Core Concepts¶
Papyra is not just a persistence backend. It is a persistence lifecycle system designed to make failure, recovery, inspection, and operational safety explicit.
This document explains the foundational ideas behind Papyra. Understanding these concepts will make the rest of the documentation significantly easier to reason about and apply in real systems.
1. Persistence Is a Lifecycle¶
Most systems treat persistence as a simple API:
write → read
Papyra treats persistence as a continuous lifecycle:
- Write
- Retain
- Scan
- Recover
- Compact
- Inspect
- Observe
Each phase exists because real systems:
- crash mid-write
- are upgraded while data lives on
- accumulate obsolete or invalid records
- require human operators to intervene
- must be debugged under time pressure
Papyra makes each phase explicit, testable, and automatable.
2. Append-Only First¶
All Papyra persistence backends follow one core rule:
Writes are append-only
This means: - No in-place mutation during normal operation - New records are always appended - Old data is never silently overwritten
Why append-only?¶
Append-only storage:
- makes partial writes detectable
- avoids catastrophic corruption
- enables deterministic recovery
- mirrors how production systems actually fail
Examples:
- JSON backend → newline-delimited append
- Redis Streams →
XADD - Future SQL backends → append-only tables or WAL-style patterns
Mutation only happens during explicit compaction or recovery.

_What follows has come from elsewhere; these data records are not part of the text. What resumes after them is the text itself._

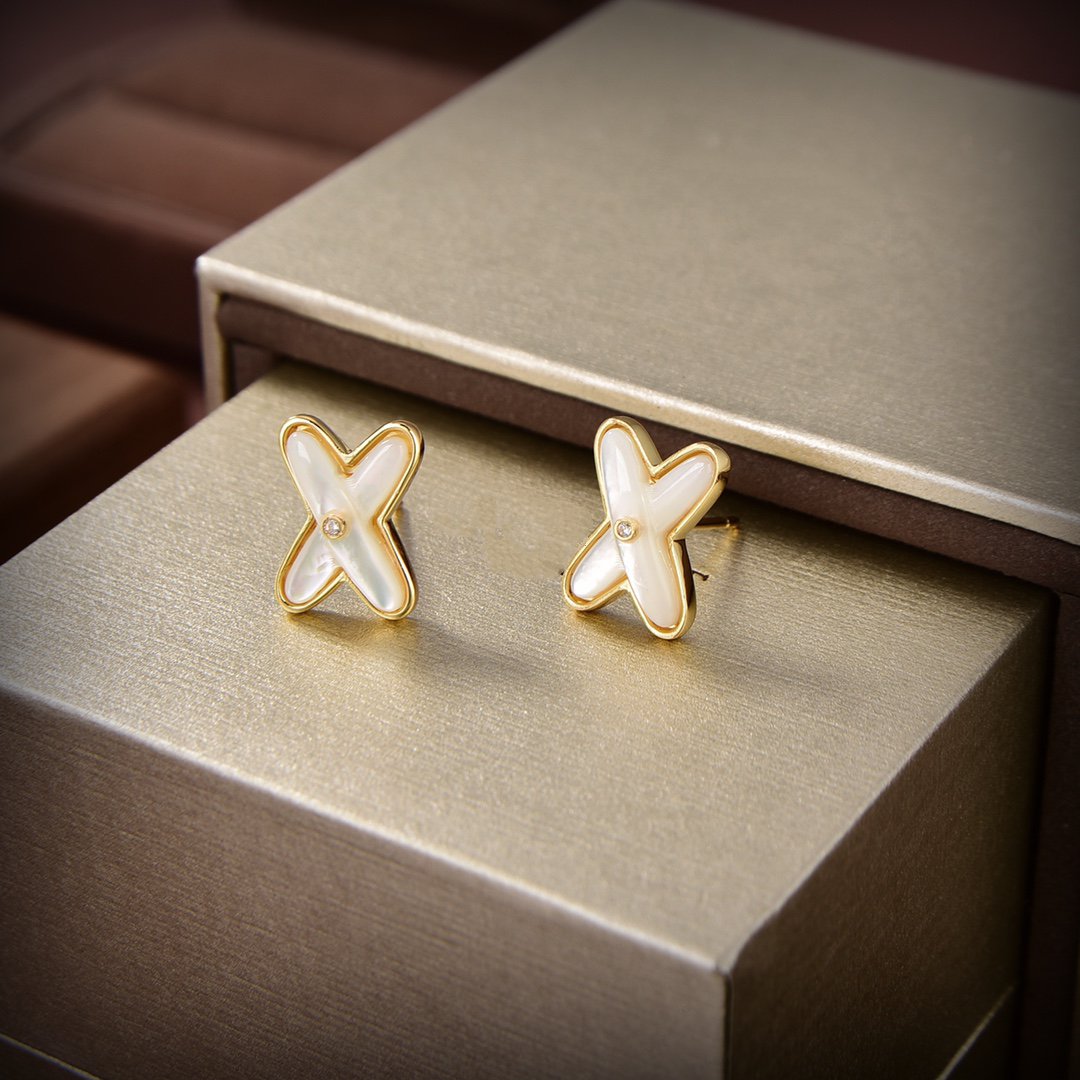 LUXEIFY JEUX DE WHITE MOP GOLD DIAMOND EARRINGS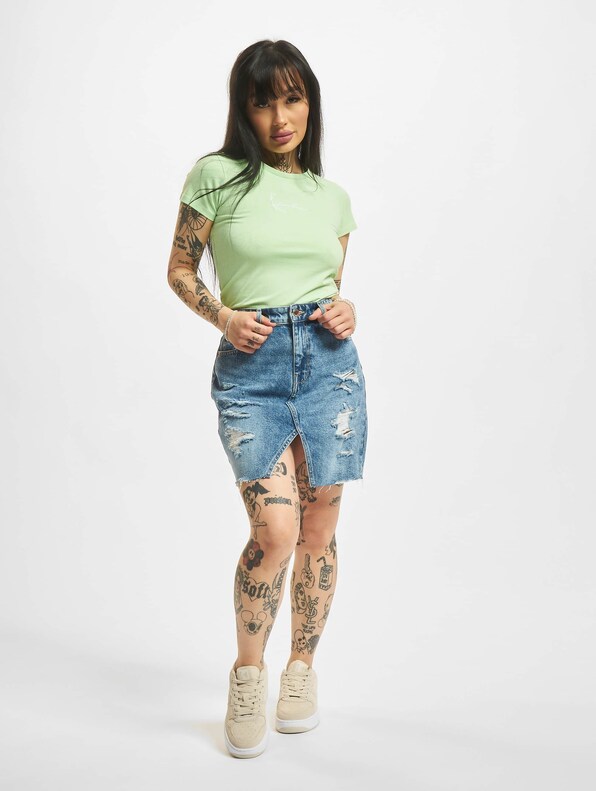 Small Signature Essential -4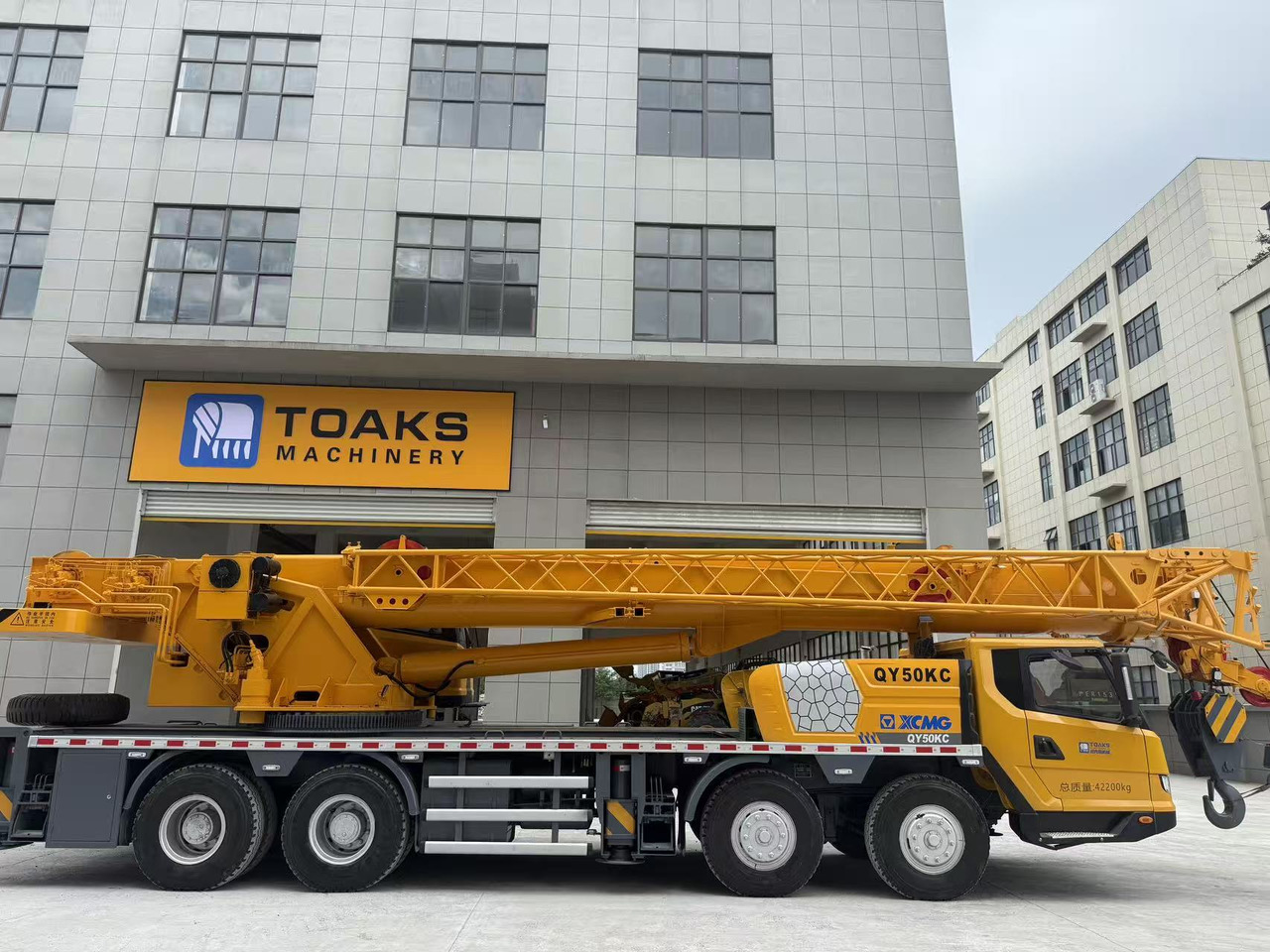 XCMG QY50KC - Mobiele kraan: afbeelding 2 XCMG QY50KC - Mobiele kraan: afbeelding 2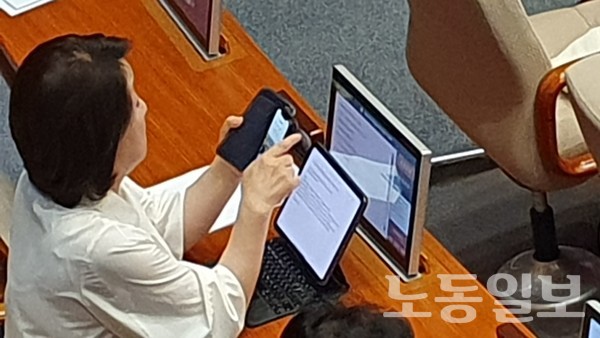정의당 심상정 의원이 12일 오후 국회 본회의에서 의석 단말기와 자신의 태블릿 컴퓨터 및 휴대폰을 사용하고 있다. (사진 = 강봉균 기자)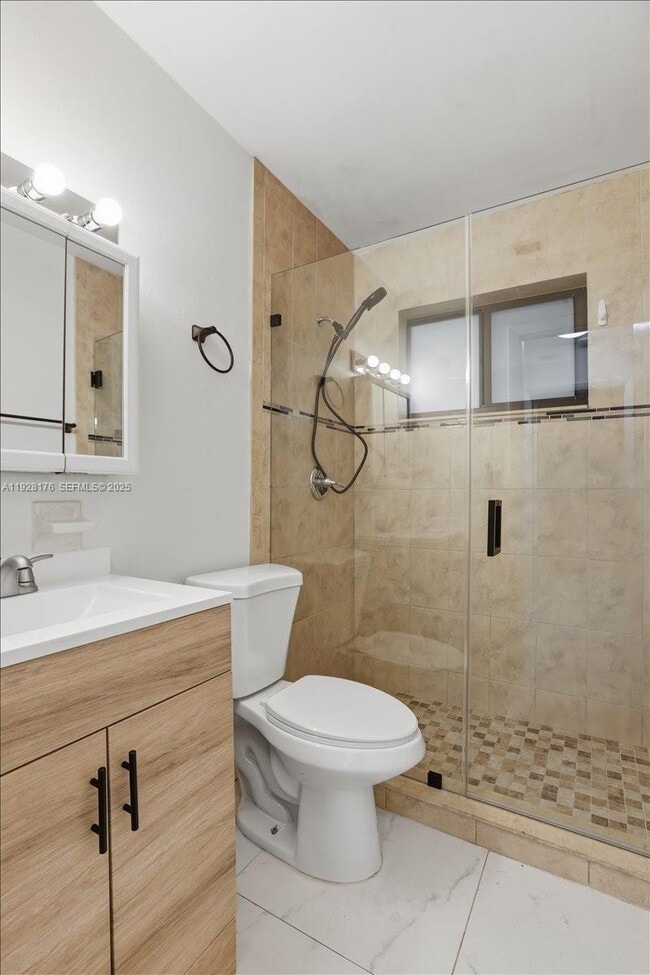 Building Photo - 6111 SW 39th Ct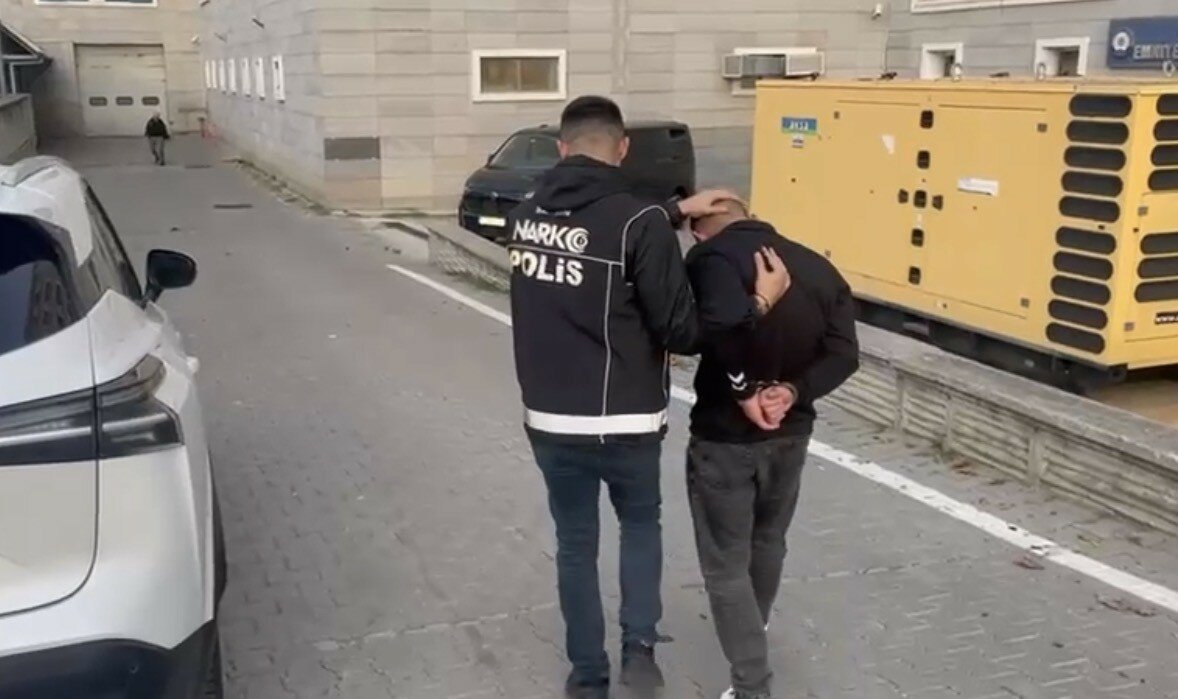 15 yıl hapis cezasıbulunan firari hükümlü yakalandı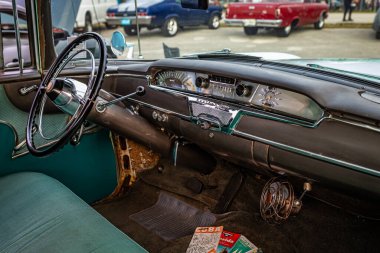 Daytona Plajı, FL - 26 Kasım 2022: 1955 Nash Büyükelçisi Süper 4 Kapı Sedan 'ın geniş açılı iç görünümü yerel bir araba fuarında.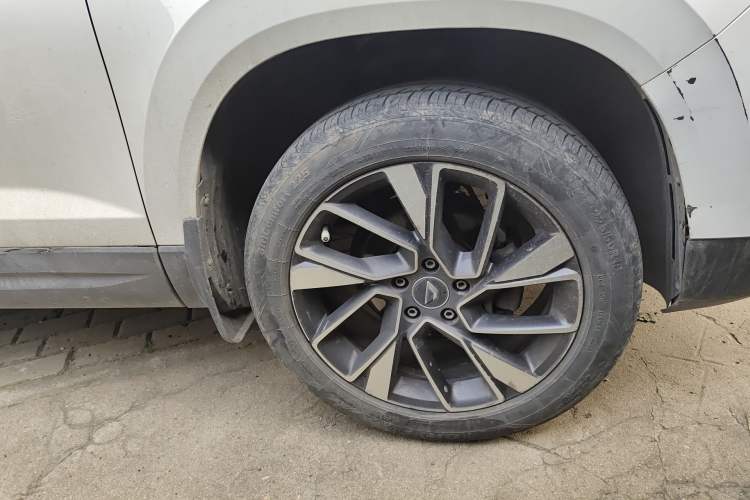 Used Jetta VS5 2019 280TSI Automatic Glory Edition Right Front Wheel Hub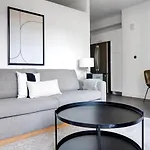 Luxury S End 1br W Wd Gym Bos-494 *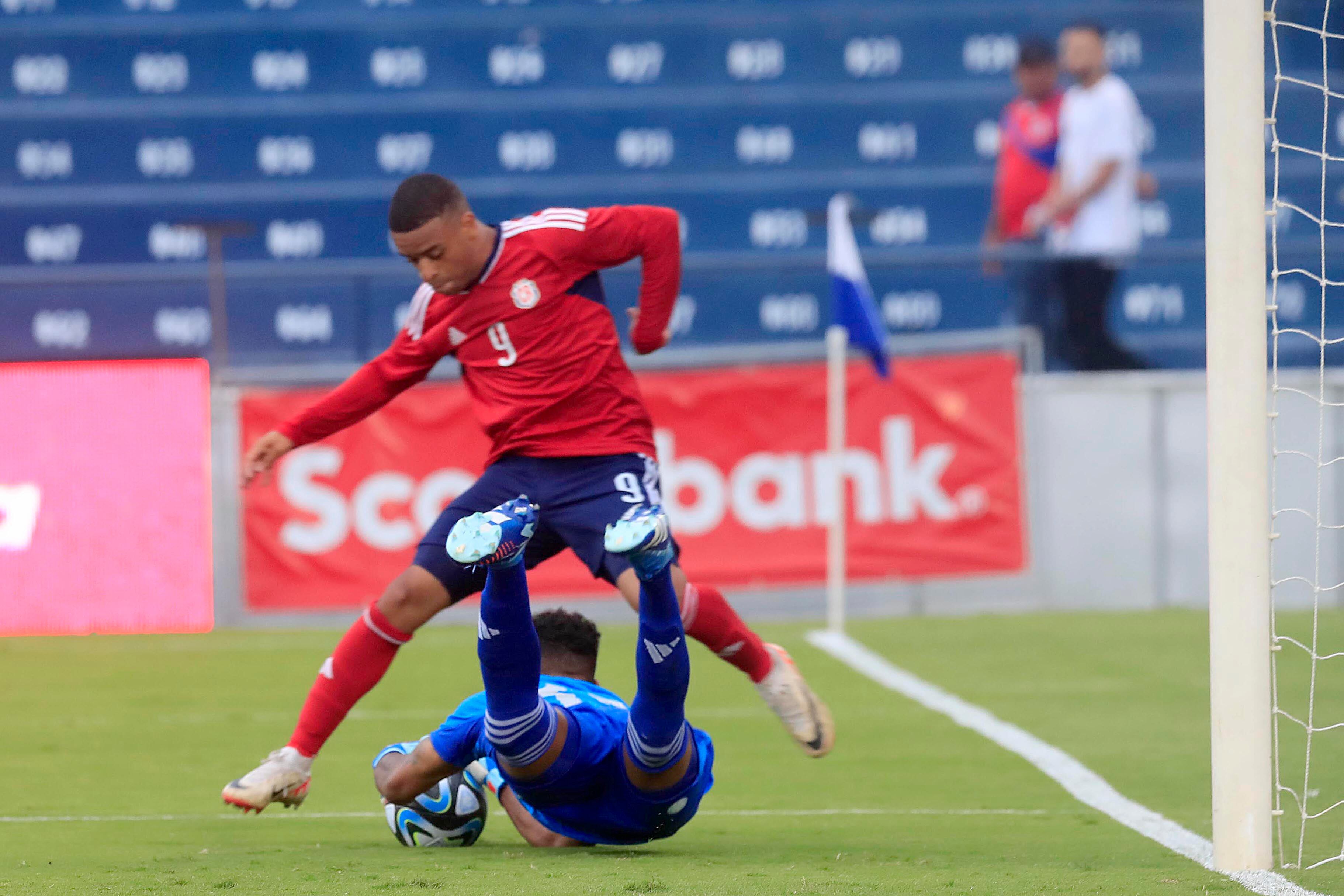 17/10/2023 Estadio Fello Meza, Cartago. La Selección Nacional Sub-23 enfrentó este martes por la tarde a su similar de Colombia, en el segundo encuentro de fogueo entre ambas selecciones en suelo tico.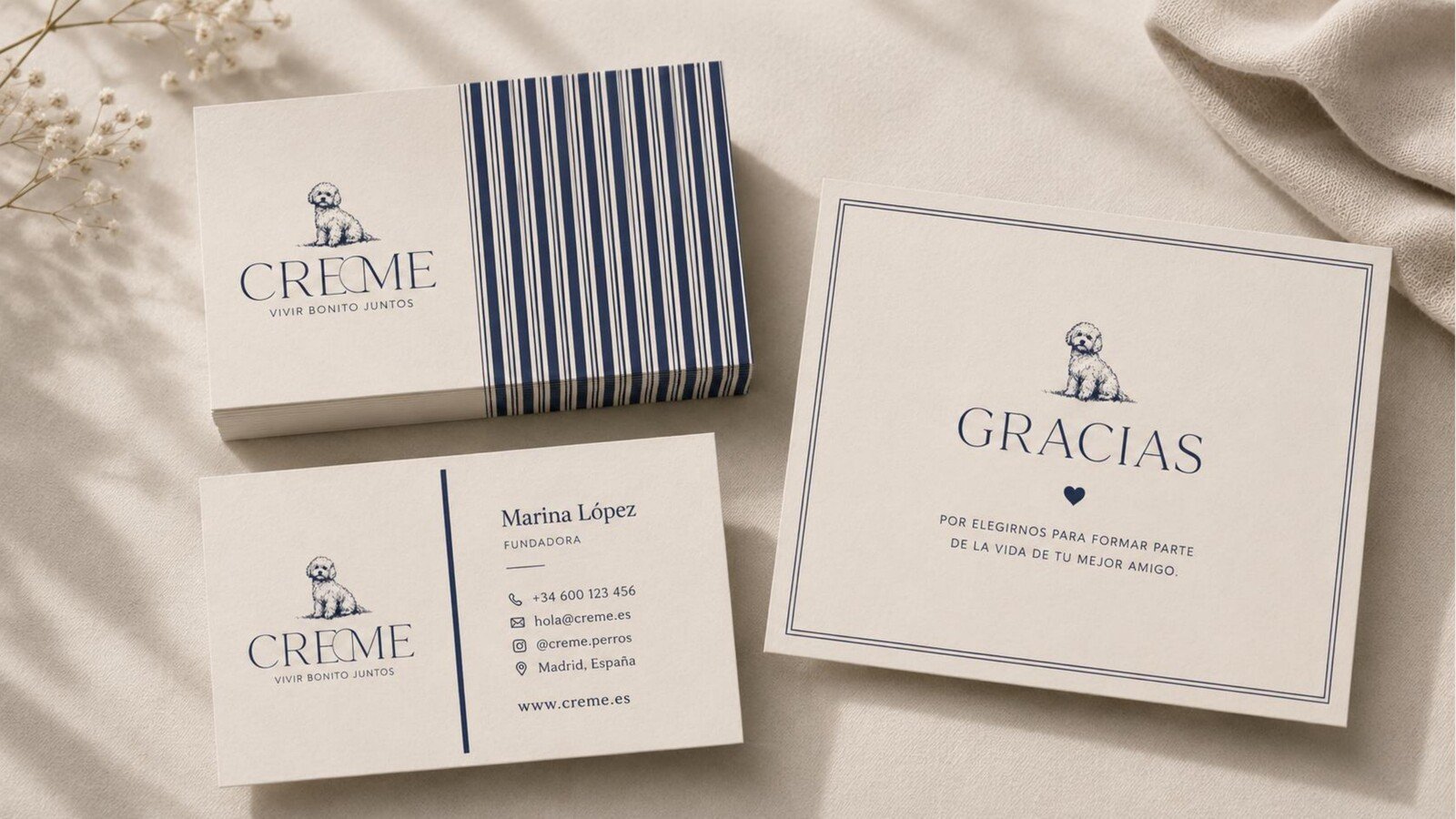 Aplicación de la marca Crème en su material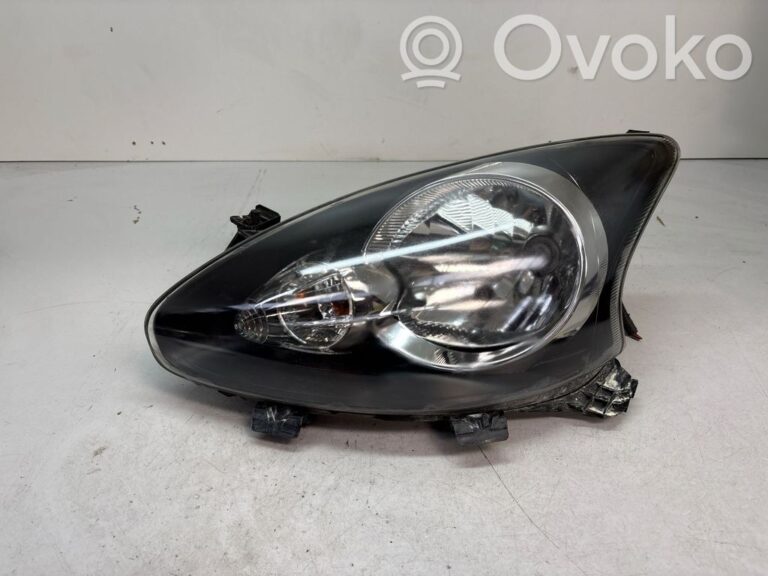 4f9fa1a9301c6e522ca9c018a17a4e3f-fc97cc1da7360f7a715c190f9c00c2df_headlight_headlamp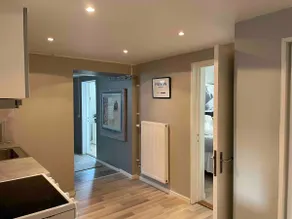 Central 2-room apartment in villa, private entrance, patio! - Image 5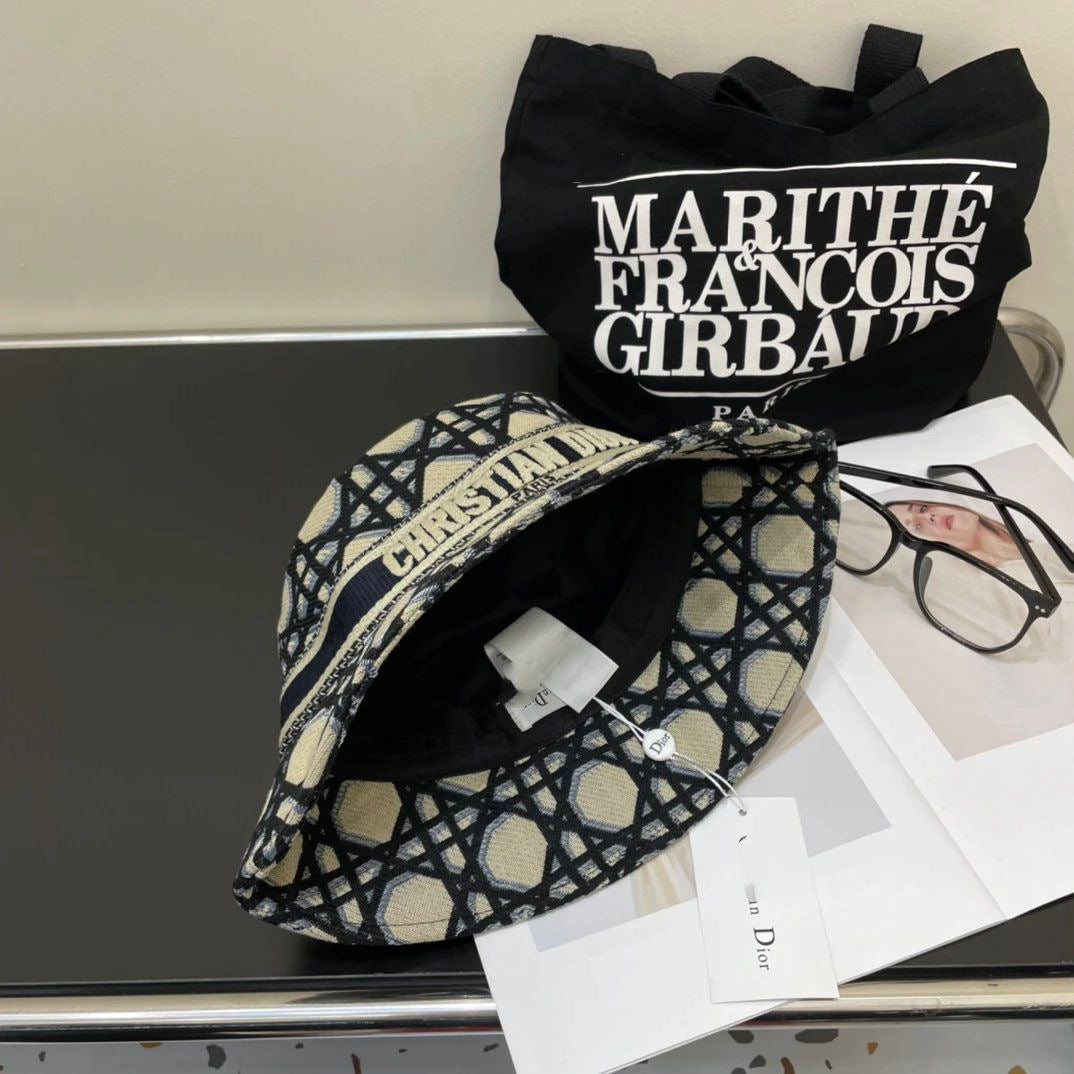 Classic luxury hat 09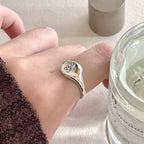 Zarte handwerkliche Ring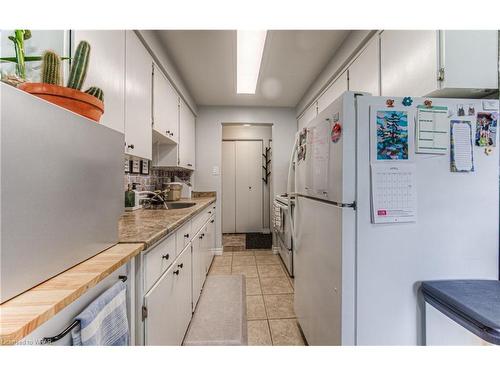 15 Killdeer Road, Elmira, ON - Indoor Photo Showing Kitchen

3. Logical State vs Physical State¶
Papyra makes a strict distinction between:
Logical state¶
What the application considers valid:
- active events
- recent audits
- relevant dead letters
Physical state¶
What actually exists in storage:
- expired records
- corrupted entries
- quarantined data
- unused disk space
Retention, scanning, and compaction bridge this gap.
Nothing disappears implicitly.
4. Retention Is Not Deletion¶
Retention in Papyra is logical filtering, not immediate deletion.
A retention policy may specify:
- maximum record count
- maximum age
- maximum total bytes
Retention is applied:
- during reads
- during inspection
- during compaction
This ensures:
- deterministic behavior
- safe upgrades
- predictable recovery
Deletion only happens during explicit compaction.
5. Scanning: Detecting Reality¶
The scan() phase answers one question:
“Is the stored data structurally valid?”
Scanning detects:
- truncated records
- invalid JSON
- missing required fields
- backend-specific inconsistencies
Key properties:
- read-only
- safe to run anytime
- sample-based where necessary
- backend-aware
If a backend cannot support scanning, it must explicitly say so.
6. Anomalies Are First-Class¶
When something is wrong, Papyra does not hide it.
An anomaly includes:
- type (corruption, truncation, invalid record)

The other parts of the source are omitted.